• _Description of the task_
Without the images, set down each entry exactly.

• _Dataset extract_
◇ ◇ ◇

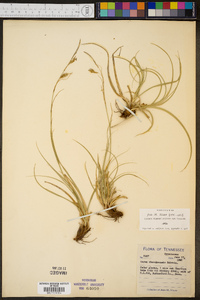 Carex cherokeensis image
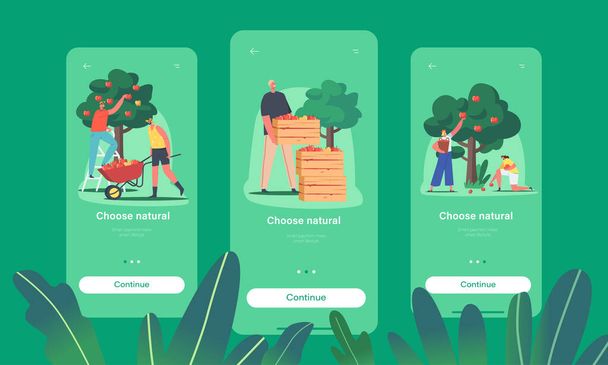 Natural Food Mobile App Page Plantilla de pantalla a bordo. Personajes Cosechando Manzanas en Jardín o Huerto, Agricultura - Vector, Imagen
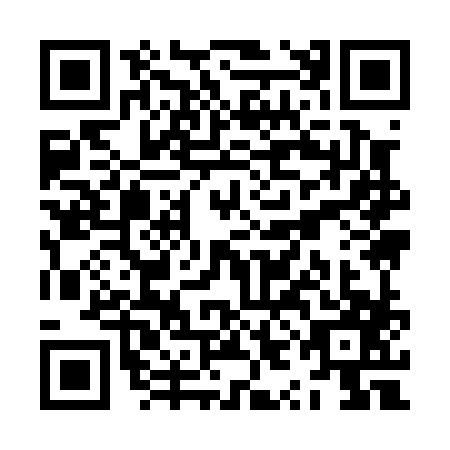 QR code for ZYI-0875
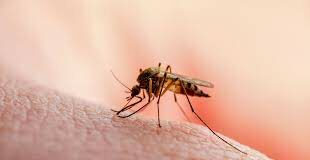 Los centros de salud públicos y privados continúan teniendo una sobredemanda de pacientes con síntomas de dengue, lo que mantiene a las familias preocupadas acudiendo de un establecimiento a otro en busca de espacio para la hospitalización, aseguró ayer la presidenta de la Sociedad Dominicana de Infectología, quien pide arreciar la respuesta del país frente a esa enfermedad.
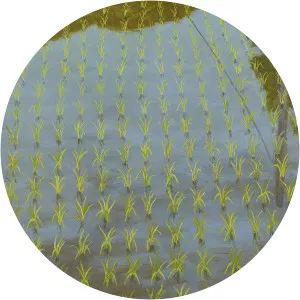 Robert Berlind photograph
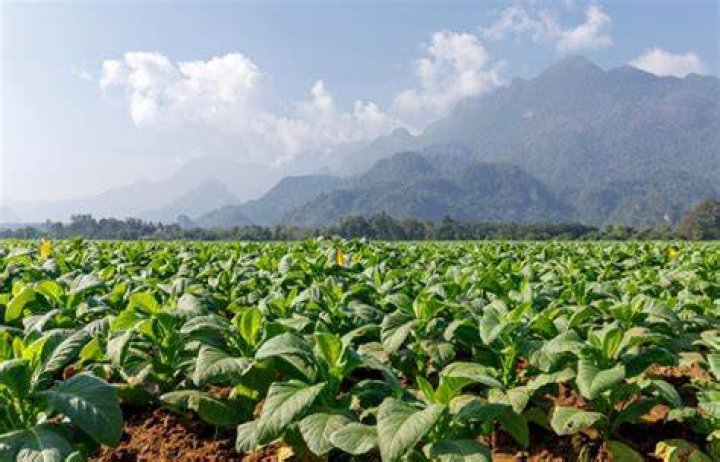 Cotzumalhuapa Tobacco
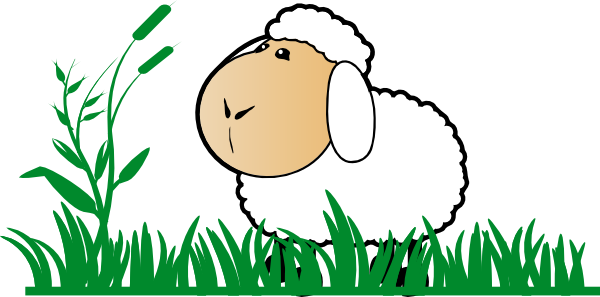 Grass Clipart Cartoon - Sheep On Grass Cartoon (600x297), Png Download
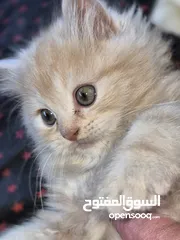  7 بريتش ريد اطراف قصيره لون اشقر شعر طويل وهمالايا تشوكلت بلو بوينت شعر طويل العمر شهرين ونص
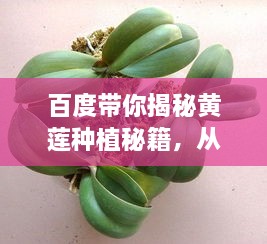 百度带你揭秘黄莲种植秘籍，从种植到管理全攻略！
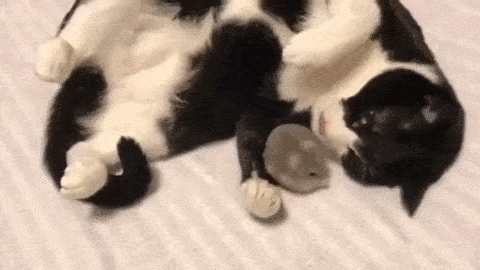 71.gif 71.gif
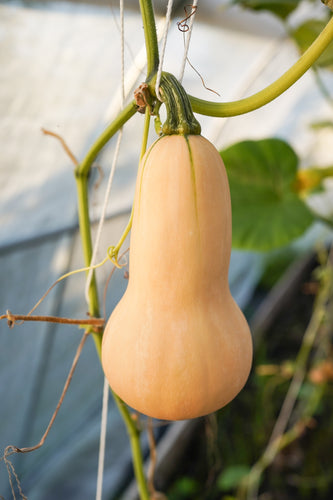 Butternut Squash (Hunter F1) - Culinary Herb Co.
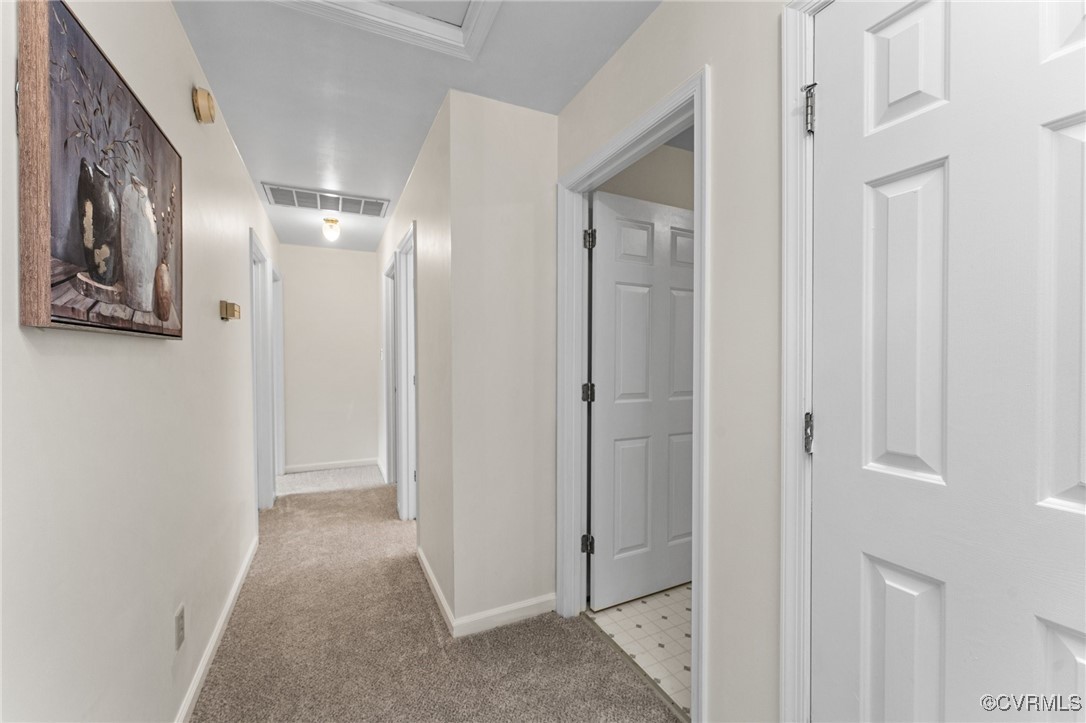 122 Tiger Paw Path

◇ ◇ ◇

• _Response box_
 Carex cherokeensis image
 Natural Food Mobile App Page Plantilla de pantalla a bordo. Personajes Cosechando Manzanas en Jardín o Huerto, Agricultura - Vector, Imagen
 QR code for ZYI-0875
 Los centros de salud públicos y privados continúan teniendo una sobredemanda de pacientes con síntomas de dengue, lo que mantiene a las familias preocupadas acudiendo de un establecimiento a otro en busca de espacio para la hospitalización, aseguró ayer la presidenta de la Sociedad Dominicana de Infectología, quien pide arreciar la respuesta del país frente a esa enfermedad.
 Robert Berlind photograph
 Cotzumalhuapa Tobacco
 Grass Clipart Cartoon - Sheep On Grass Cartoon (600x297), Png Download
  7 بريتش ريد اطراف قصيره لون اشقر شعر طويل وهمالايا تشوكلت بلو بوينت شعر طويل العمر شهرين ونص
 百度带你揭秘黄莲种植秘籍，从种植到管理全攻略！
 71.gif 71.gif
 Butternut Squash (Hunter F1) - Culinary Herb Co.
 122 Tiger Paw Path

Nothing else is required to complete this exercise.